呪文に、こちらのサイト様(http://mother-goose.hix05.com/)よりマザーグースの唄をお借りしてます。『鐘が鳴る』のみ、内容そのままコピペさせて頂いてしまいました事を謝罪致します。

窓の外は叩きつけるような豪雨だった。

(アヌタ)二番目の月になると、夕方にはいつもこのような天気になる。

嵐のような激しさなのに、一時間も経てば不思議と何事もなかったかのように止むこの雨は、シアリーズでは「妖精の雨」と呼ばれていた。気まぐれな妖精のような雨だから、というのが理由らしい。

四五日連続で降る時もあれば、一週間ぐらい降らない時もある。「妖精の雨」という呼称は、そんな所から付けられた名だった。

窓の外の雨は、先程降り始めたばかりで、未だ止む気配はない。

窓の此方側--家の中では外の轟音とは打って変わって、ピポン、シャラン、ピチャンと賑やかな音が響いていた。それらの音の出処は、床の上にずらりと並べ置かれたカップにグラス、バケツといった物たちだ。天井から雫が一滴、二滴と落ちる度にバケツ達は軽やかで楽しげな旋律を奏で出す。

家の中はちょっとした、音楽堂のようになっていた。

だがそんなものには目もくれず、この家の主から留守を預かる少女は、バケツ達に背を向けて一心不乱に本を読み漁っていた。


「ええと、雨を止ませる呪文は……


『あめあめ


やめやめ


おとといおいで!』


……なにも起きないよう……」


少女はおもむろに立ち上がって、真剣な眼差しで、本を片手に窓に向かって手を突き出した。

部屋に響くぐらいの大声で放った言葉は、どうやら魔法の呪文のようだった。

だが以前として、豪雨は止まず。

少女は垂れ目気味の白蛋白石(ホワイトオパール)の瞳に、じわりと涙を浮かばせた。


「もう、師匠(センセ)早く帰って来てよ。

このままじゃこのお部屋、水浸しになっちゃうじゃない」


雨漏り程度で部屋が水浸しになる事はないが、幼すぎる少女は本気でそうなってしまうかもしれないと心配していた。

家の主たる彼女の養育者ーー彼女の言う師匠がいれば「無用な心配です」と彼女を慰めたかもしれない。

だがしかしここに彼はいない。少女の不安は募る一方だった。


「何であたしは魔法が使えないんだろ?

あたしだって〈魔法使い〉なのにな」


ぺたんと床に座り込み、皐月躑躅(アザレア)を思わせる紫みの強い鮮やかな紅桃の、今はお下げに結ってある長くふわふわとした髪を弄りながら少女は溜息を吐いた。

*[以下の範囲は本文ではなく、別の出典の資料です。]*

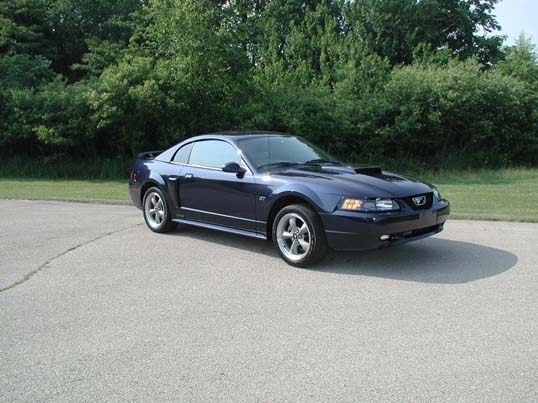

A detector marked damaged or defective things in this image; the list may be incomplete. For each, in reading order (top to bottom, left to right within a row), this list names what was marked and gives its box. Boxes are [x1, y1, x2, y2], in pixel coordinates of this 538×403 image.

〈魔法使い〉とは、シアリーズに存在する種族の内の一つだ。

シアリーズは、妖精の住む世界ーー即ち妖精郷と、人間の住む世界が重なっている稀有な国だ。

妖精はシアリーズの人間達にとって、最愛の友人であり最悪の隣人であった。

自然の具現たる妖精は気まぐれで、風見鶏のように性格が変わる。そして、大の悪戯好きな種族であった。

可愛い悪戯ならまだしも、時には人間の命を脅かすような危険な悪戯を仕掛けてくる事があった。

だがその一方で幾たびも人間の命を救う事もあった。

そのせいか人間達にとっては、憎いけれども憎み切れぬ存在となっている。

〈魔法使い〉とは、そんな妖精と人間との間に生まれた第三の種族であった。

姿形は人間と然程変わらないが、妖精と同じような、俗に魔法と呼ばれる超常現象を起こす力を持って生まれてくる。そして人間と最大に違う点は、通常ではあり得ない真紅や深緑などといった髪と、宝石のように輝く瞳で生まれてくる事であった。

そんな奇妙な〈魔法使い〉という種族は、妖精郷と人間の世界が重なったシアリーズにしかいない種族である。

どうして彼らのような種族が、シアリーズに存在しているのか、その理由は妖精にあった。

妖精は前述したように、悪戯好きだ。妖精が一番好む悪戯は、人間の子供を攫う事であった。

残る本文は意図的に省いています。